When the House Ways and Means Committee released former President Donald Trump’s tax returns on Friday (December 30) has illuminated the unequal nature of the U.S. tax system.
The former President relied on business losses to reduce his personal tax liability, paying nothing in personal income tax in some years and avoiding a mandatory presidential audit because — as many believe — his tax returns were too convoluted.
Despite one of Trump’s primary businesses being found guilty of tax fraud, Trump hasn’t been accused of any wrongdoing regarding his personal tax returns, raising questions about the country’s tax code.
These tax codes — which contain millions of words of regulations — proved ineffective and unenforceable on Trump’s tax returns.
Tax reform advocates believe Trump’s tax returns are creating a much-needed shift away from the mindset that taxation is punitive and economically destructive, which enables those like Trump to tout their ability to reduce tax liability.
Following the release of Trump’s returns on Friday, the former President released a statement praising his use of the tax code as an “incentive for creating thousands of jobs and magnificent structures and enterprises.”

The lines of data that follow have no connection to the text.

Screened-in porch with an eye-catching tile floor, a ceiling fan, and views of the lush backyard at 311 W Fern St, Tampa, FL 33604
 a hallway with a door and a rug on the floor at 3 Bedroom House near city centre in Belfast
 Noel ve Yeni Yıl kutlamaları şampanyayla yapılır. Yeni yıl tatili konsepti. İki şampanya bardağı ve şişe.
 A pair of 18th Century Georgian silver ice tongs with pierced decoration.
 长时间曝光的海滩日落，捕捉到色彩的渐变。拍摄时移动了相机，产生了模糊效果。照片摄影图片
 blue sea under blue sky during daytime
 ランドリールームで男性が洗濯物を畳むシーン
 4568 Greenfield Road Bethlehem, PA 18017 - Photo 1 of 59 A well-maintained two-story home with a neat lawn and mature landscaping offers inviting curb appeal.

According to the Ways and Means Committee, Trump wasn’t subject to the mandatory Presidential audit for the first two years of his Presidency.
The sole IRS agent assigned to Trump’s audit as President noted a “lack of resources” as the reason “certain issues” weren’t pursued in the former President’s returns.
But others have pointed out that the release of Trump’s tax returns had a significant omission — the IRS audit files.
The Ways and Means Committee sought Trump’s tax returns to investigate IRS oversight, but as some pundits point out, without the work papers releasing Trump’s tax returns doesn’t spotlight a lack of IRS oversight.